So there’s another day in the life… My goal for July: A house that we can move into, a writing schedule that’s regular, and enough aerobic exercise to keep my energy levels high and my stress levels low.

Closing a Door and Opening a Window

IMG_20140604_202753The first attempt to close on our house was put off for around a month while the seller got her paperwork in order. The second attempt was delayed because the seller’s moving van arrived just after we did for the final walk through appointment and the movers in it were greeted with “We don’t have enough boxes”. There were signs of packing since before we wrote the offer, but somehow that didn’t translate into finishing the job before either closing date. We gave her another three free days and took off for Memorial Day weekend. We had a nice but brief interlude with a night of primitive camping at a national seashore, a get together with one side of the family and a Memorial Day cookout with the other side. Refreshed and ready, (sort of) Tuesday it was time for the third attempt at closing. Would it be the charm or the strike out?
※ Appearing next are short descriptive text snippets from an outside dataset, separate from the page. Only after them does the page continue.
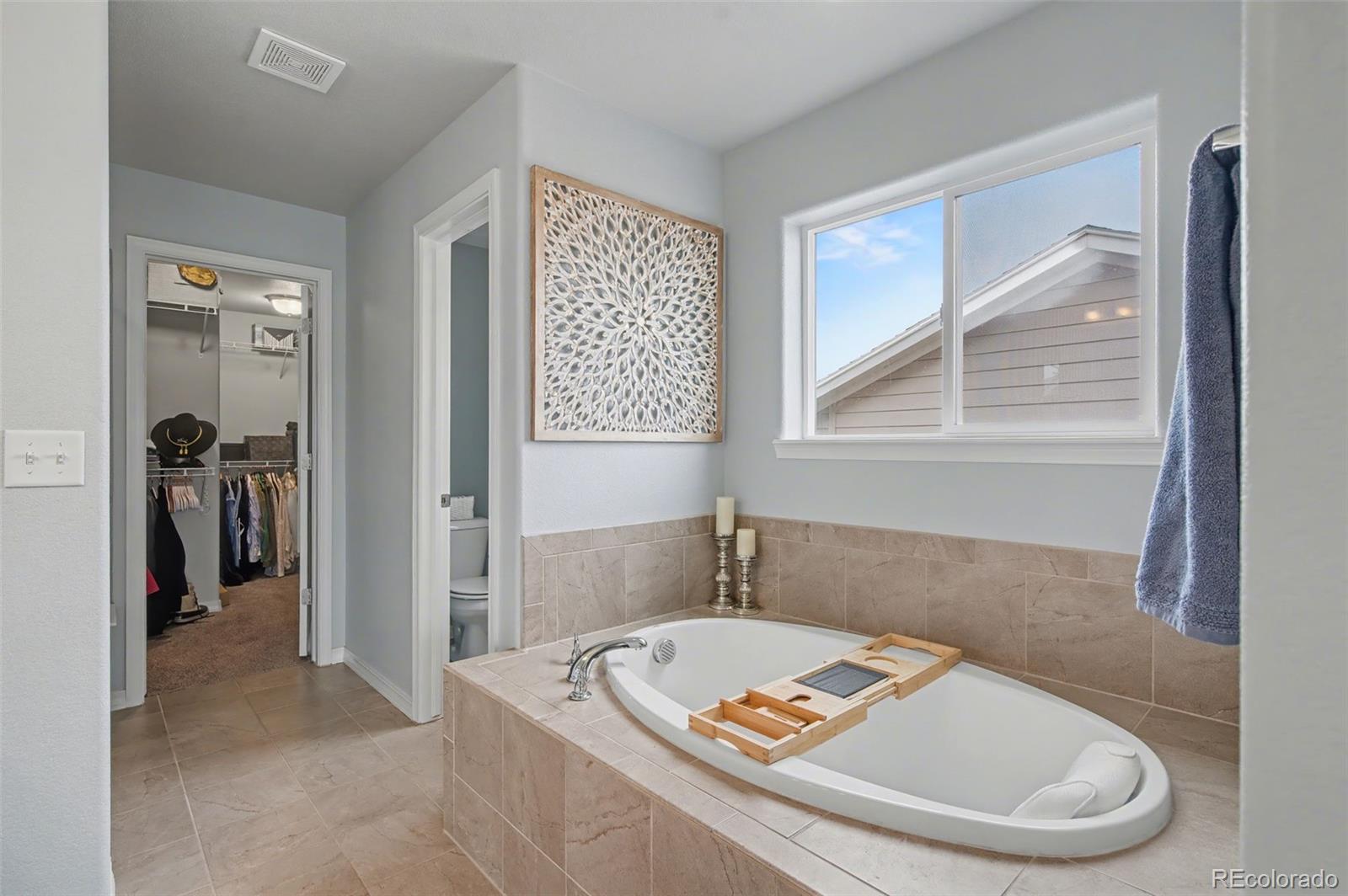 8271 White Fish Way Colorado Springs, CO 80908 - Photo 20 of 47 a bath tub sitting in a bathroom next to a window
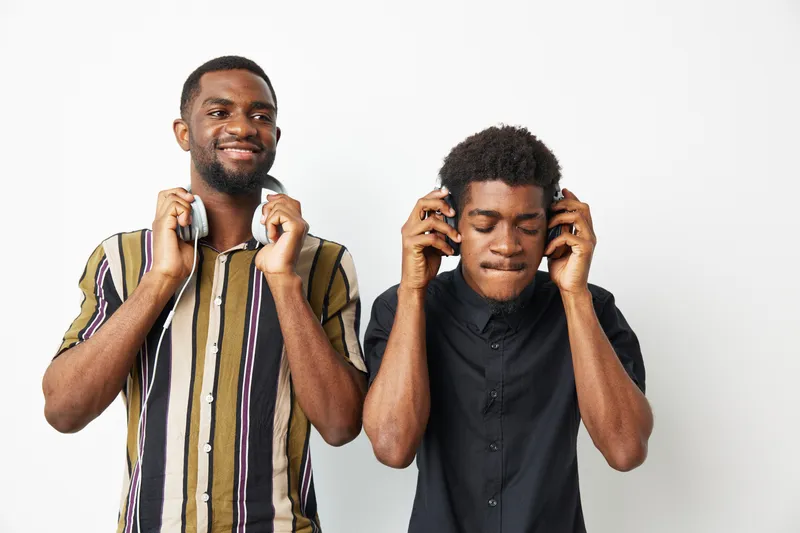 Two black men enjoying music together with headphones, showcasing happiness through their smiles and relaxed expressions in a minimalistic background.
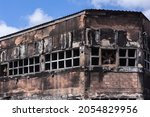 Fire arson factory warehouse building burned damaged close-up detail economy business industry unemployment poltical atmosphere.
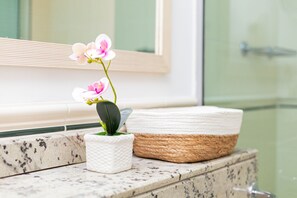 A bathroom with a marble countertop, a white textured planter with pink orchids, and a woven basket.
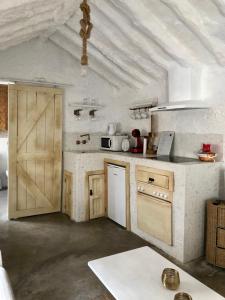 a kitchen with wooden cabinets and a white ceiling at Arya's Nest in Mijas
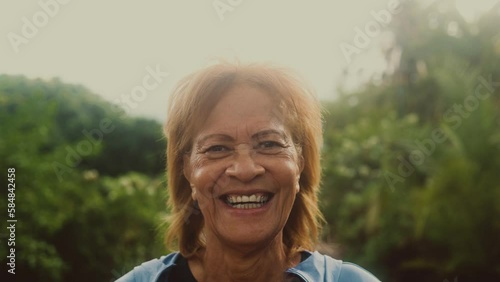 Happy senior Latin woman having fun smiling in the camera after training activity in a public park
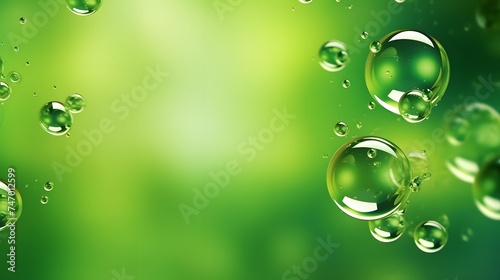 Green oil drops in water. Bubbles of different sizes on green abstract background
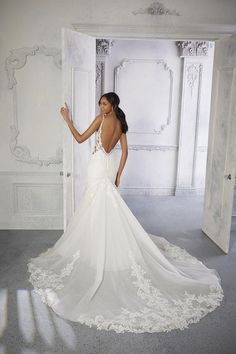 a woman in a white wedding dress is posing for the camera with her hand on her hip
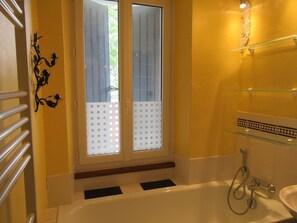 Ein Badezimmer mit Badewanne, Dusche und einer Glastrennwand.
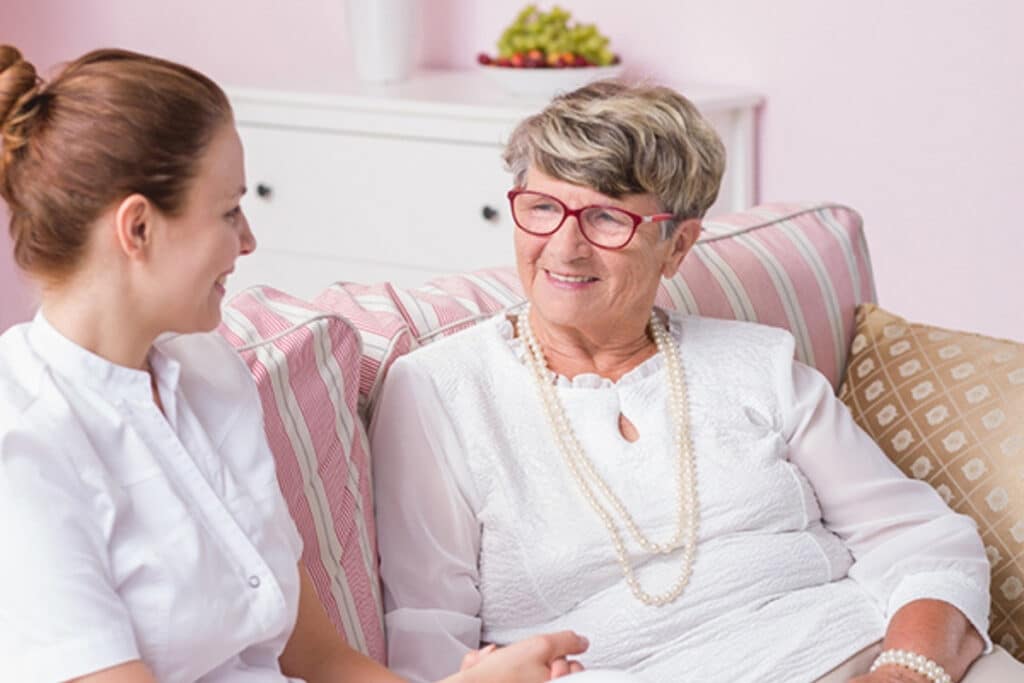 Caregiver talking with an older woman while sitting together at home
It was both. We did close, but it was not a happy day for me. The extent of the pet problem had been softened in my mind by the potential of the property and now I had to face the realities that the seller had not. A friend brought congratulatory flowers and surprisingly, they did not wilt on exposure to the house.
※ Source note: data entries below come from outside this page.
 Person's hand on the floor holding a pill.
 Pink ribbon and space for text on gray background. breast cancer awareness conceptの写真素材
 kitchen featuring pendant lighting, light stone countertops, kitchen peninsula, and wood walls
Tax records indicate that the seller bought the house as a foreclosure at a steal of a price, but I paid generously considering the condition and the contract said it was to be turned over clean. I didn’t expect spotless, there were too many renovations needed. But, I had mentioned my allergies to her agent in reference to the requirement since she was over the max HOA allowed number of pets and dozens of perfumed odor masking products were not equal to the task of making the place breathable. I break out in varying degrees of bright red welts on contact, so it’s not a euphemism or a cover for repulsion, comparatively small exposures have been known leave me swollen and tearful. We had plenty of cause to re-negotiate at both contract extensions, but I was tired of being unsettled and she (actually, her agent) knew it. I didn’t want to start over and wasn’t sure I had time to. We closed the deal, changed the locks and started to clean up the mess.
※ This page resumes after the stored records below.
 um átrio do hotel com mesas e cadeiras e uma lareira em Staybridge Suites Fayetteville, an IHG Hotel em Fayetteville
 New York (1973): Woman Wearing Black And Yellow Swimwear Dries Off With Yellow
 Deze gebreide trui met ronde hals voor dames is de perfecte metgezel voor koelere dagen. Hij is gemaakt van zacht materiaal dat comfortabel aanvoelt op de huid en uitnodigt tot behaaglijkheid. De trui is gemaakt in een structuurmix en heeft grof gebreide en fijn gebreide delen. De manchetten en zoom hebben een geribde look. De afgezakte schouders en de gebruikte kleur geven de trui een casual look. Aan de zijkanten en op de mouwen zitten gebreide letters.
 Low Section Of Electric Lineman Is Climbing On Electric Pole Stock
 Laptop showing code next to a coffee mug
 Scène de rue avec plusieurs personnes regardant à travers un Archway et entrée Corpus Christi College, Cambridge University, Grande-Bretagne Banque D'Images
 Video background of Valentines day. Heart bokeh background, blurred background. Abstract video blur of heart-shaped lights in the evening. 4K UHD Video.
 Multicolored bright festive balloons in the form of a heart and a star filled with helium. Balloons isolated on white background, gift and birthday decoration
The problems were not small though. After leaving the house on the first day (when all we did was move trash off the carpet) I decided to wipe down my phone that had been sitting on the counter and hair came off in sheets like tissue paper.

During the actual final walk through I gave some clearly sentimental items to the agent for her seller and we put a 4-foot cat tree and some other things on the street and let her know they would stay till they were picked up, or till trash day. The seller never seemed to recognize the existence nor extent of her transgressions and she hasn’t stopped calling to ask for things that she didn’t actually leave behind.

The house wasn’t just covered with hair, dander, urine and even some dog food and cat litter, the seller unscrewed things like the bathroom mirror (an appurtenance, i.e. part of the house) while leaving things like a large box of spices. Things were strewn carelessly all over the house, mostly trash. She took appliances that were supposed to stay, even to the point of detaching those that were wired in under the kitchen cabinets, leaving the bare wires hanging. At the same time she left sacks of expensive toiletries. The consistency with which she took things that should have been left and left things that would cost her much more to replace (while costing us to dispose of) was pretty complete.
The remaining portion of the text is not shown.